ALTIN MUHASEBESİ SİSTEMİ’NE DÖNÜLSÜN
Kuyumcuların şu an yaşadıkları sorunlar nelerdir?
İç piyasada sektörün önünü tıkayan ve gelişmesini engelleyen en önemli konu Altın Esaslı bir Muhasebe sisteminin olmamasıdır. Uygulamada yaşanan sorunu bir örnekle şöyle açıklayabiliriz: 2021 yılı sonunda altının gramı, 781 TL’ydi, bugün ise 1.000 TL bandında. Söz konusu durum gümüş ve diğer değerli metaller için de geçerlidir. Devletimiz, fiyat yükseldiği için bize kar ettiniz ve aradaki farkın vergisini verin diyor. Böylece, kuyumcularımız da yıl sonunda arada oluşan fiyat farkından dolayı gelir vergisi ödemek zorunda kalıyor. Halbuki, kazancımız sadece ürünlerin üzerindeki işçilik payından oluşuyor. Bu da firmaları ister istemez kayıtdışına gitmek zorunda bırakıyor. Biz, şu anda uygulanan Enflasyon Muhasebesi yerine Altın Muhasebesi Sistemi’nin geçilmesini istiyoruz. Aslında, Altın Esaslı Muhasebe’yle ilgili 2003 yılında yürürlüğe giren 4842 Sayılı Kanun ile 193 sayılı Gelir Vergisi Kanunu’nun 38’inci maddesine aşağıdaki fıkra eklenerek çözüm getirilmişti. “Sürekli olarak işlenmiş altın alım-satımı ve imali ile iştigal eden mükellefler, altın satış tarihindeki İstanbul Altın Borsasında oluşan has altın değeri ile satılan mamulün has altın maliyet bedeli arasında oluşan farkı, maliyet bedeline ilave ederler. Söz konusu fark, bilançonun pasifinde özel bir fon hesabında izlenir. Bu fon, sermayeye ilave dışında herhangi bir suretle başka bir hesaba nakledildiği veya işletmeden çekildiği takdirde, o yılın kazancına dahil edilerek vergiye tabi tutulur. Bu mükelleflerin kullandıkları yabancı kaynaklara ait gider ve maliyet unsurlarının sadece ilgili dönemde ayrılan fonu aşan kısmı gider kabul edilir.” Ancak, 01.01.2004 tarihinden itibaren enflasyon düzeltmesi uygulamasının getirilmesi nedeniyle söz konusu hüküm yürürlükten kaldırılmıştır. 2003 yılında çıkarılan yasal düzenleme ile Altın Esaslı Muhasebe uygulamasının önünü açılmış oldu. Söz konusu düzenleme örnek gösterilerek Altın Esaslı Muhasebe uygulaması tekrar başlatılabilir. Oda olarak en çok mesai harcadığımız konu bu. Altın Muhasebesi talebimizi Hazine Bakanımız başta olmak üzere tüm ilgili kurumlar yakından biliyor, hepsi de olumlu bakıyor. Ancak, talep ettiğimiz düzenleme bir türlü yapılamıyor.
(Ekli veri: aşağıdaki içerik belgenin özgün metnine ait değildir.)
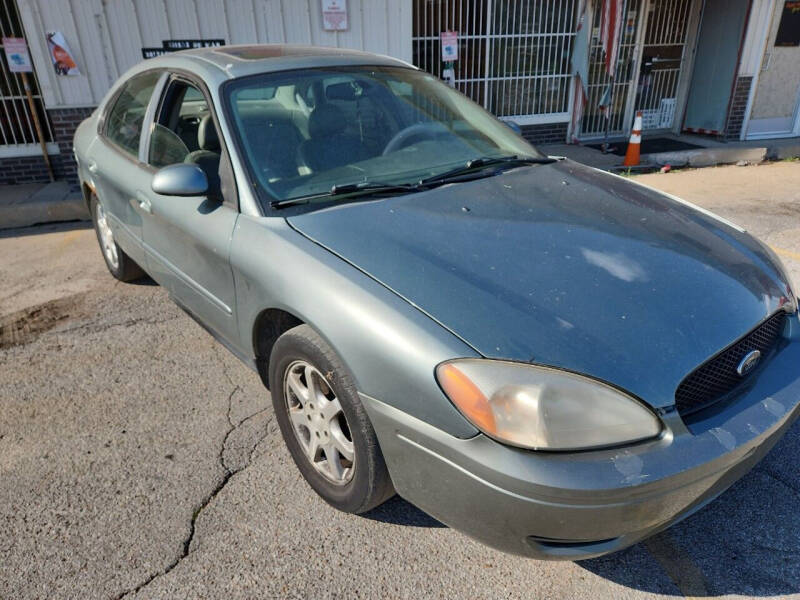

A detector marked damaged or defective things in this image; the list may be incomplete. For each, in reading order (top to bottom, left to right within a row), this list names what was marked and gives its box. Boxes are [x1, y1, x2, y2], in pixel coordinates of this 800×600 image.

cracked asphalt [1, 162, 800, 596]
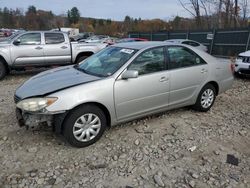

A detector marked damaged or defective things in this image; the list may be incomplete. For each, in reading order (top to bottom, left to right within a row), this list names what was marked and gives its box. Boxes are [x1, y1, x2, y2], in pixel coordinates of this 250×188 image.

damaged front bumper [15, 107, 68, 134]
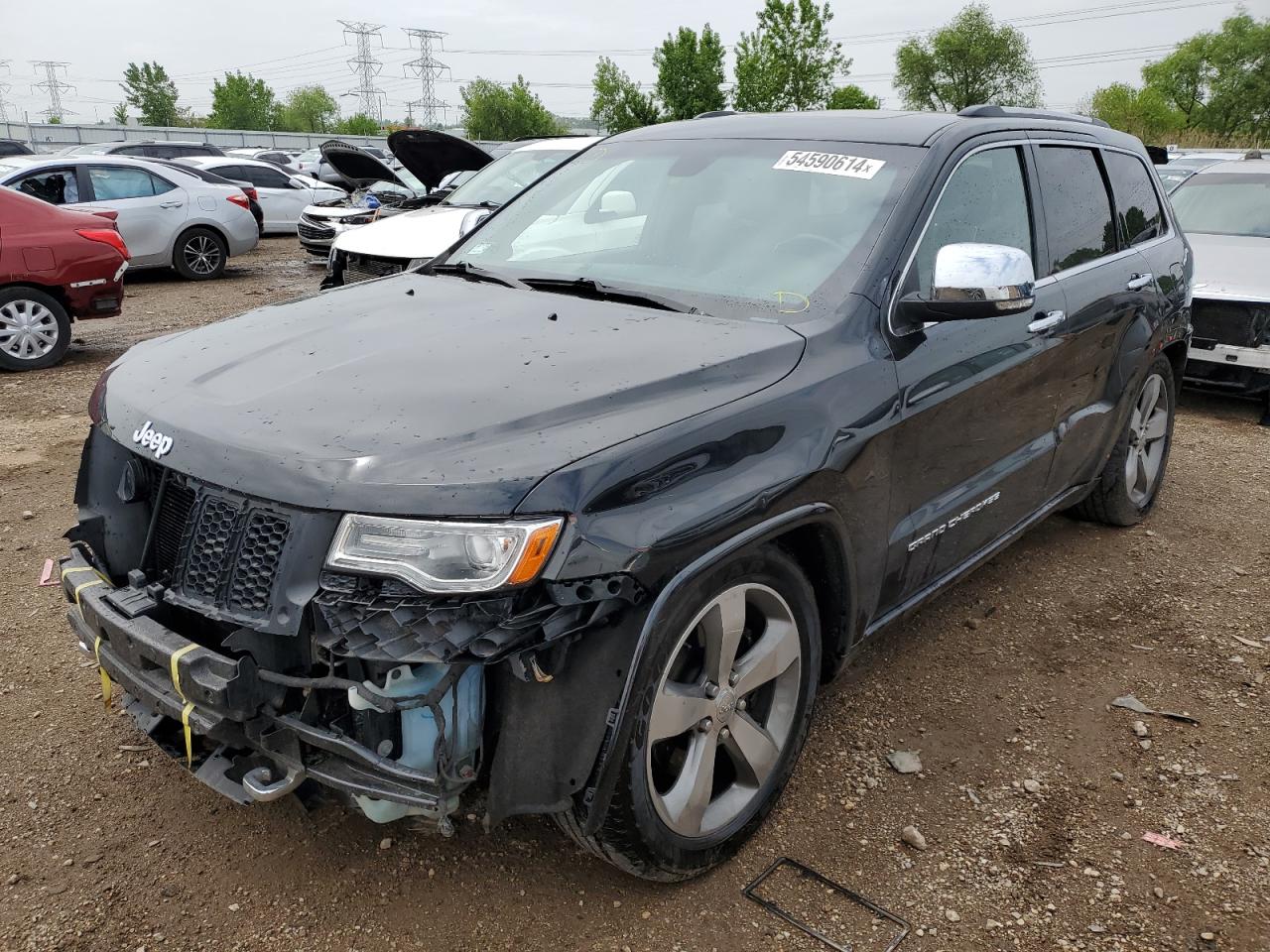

İstatistiksel olarak baktığınızda kuyumculuk sektöründeki rakamlar bize neyi anlatıyor?
Türk kuyumculuk sektörü, 158 ülkeye ihracat yapan potansiyeliyle desteklenmesi gereken stratejik sektörlerin başında geliyor. Bugün kuyumculuk deyince ihracat ve yurtiçi satışlarla yıllık yaklaşık 17-20 milyarlık bir büyüklükten söz ediyoruz. Türkiye, bu alanda Çin, ABD, Rusya ve Hindistan ile dünyanın en büyük 5 pazarından biri konumunda. Türkiye, aynı zamanda İtalya ve Çin ile birlikte dünyanın en önemli üç üreticisinden biri. Son verilerle yıllık ihracat hacmi 7,5 milyar dolara ulaştı. Kuyumculuk, yaklaşık 40 bin işletme ve yan hizmet sektörleriyle en az 300 bin kişinin istihdam edildiği ve toplamda en az 1,5 milyon kişinin ekmek yediği stratejik ve lokomotif bir sektördür.
Son olarak eklemek istediğiniz bir şey var mı?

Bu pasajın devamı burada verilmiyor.